If it actually mattered, you'd be tracking it. You'd notice when it slipped. You'd hammer on it. You didn't. So, congratulations, you taught your team it doesn't matter.

I had this conversation with a founder this week. He was telling me his team already shares his values. Small company. Careful hiring. Everyone's aligned. No real need to spell things out.

I asked him, "Does your fiancée know you love her?"

He said he hoped so.

"Do you still tell her?"

All the time.

"Why? You already told her. She knows, yeah?"

The same thing applies to everything you care about in your company. Saying it once and assuming it stuck is one of the laziest moves a CEO can make. And I say that as someone who has been the lazy CEO plenty of times.

Here's the pattern I see constantly:

A founder sits down with me, frustrated. An employee dropped the ball on something important. I ask, "are you checking in with them every week?"

No. I established it was super important. They should just do it.

Dude. When you stopped asking about it, that was the exact moment they learned it wasn't important to you.

If it mattered, you'd ask about it. You'd track it.

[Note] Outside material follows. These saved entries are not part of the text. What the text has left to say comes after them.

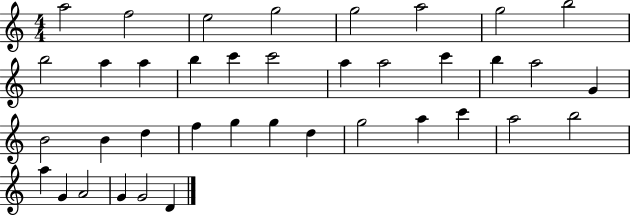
X:1
T:Untitled
M:4/4
L:1/4
K:C
a2 f2 e2 g2 g2 a2 g2 b2 b2 a a b c' c'2 a a2 c' b a2 G B2 B d f g g d g2 a c' a2 b2 a G A2 G G2 D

You'd follow up. When they stopped doing it, you'd notice and challenge them about it.

You didn't do any of that. You taught them it doesn't matter. They focused on other things.

Your team isn't reading your mind; they're reading your behavior. And your behavior said "never mind."

Say it today. Say it again tomorrow. Say it the day after that. If it matters, never stop saying it.

(Massive h/t to Joseph Logan who taught me both the "does your wife know you love her" question and the "CEO is tired of saying it..." framing. Dude is my Yoda.)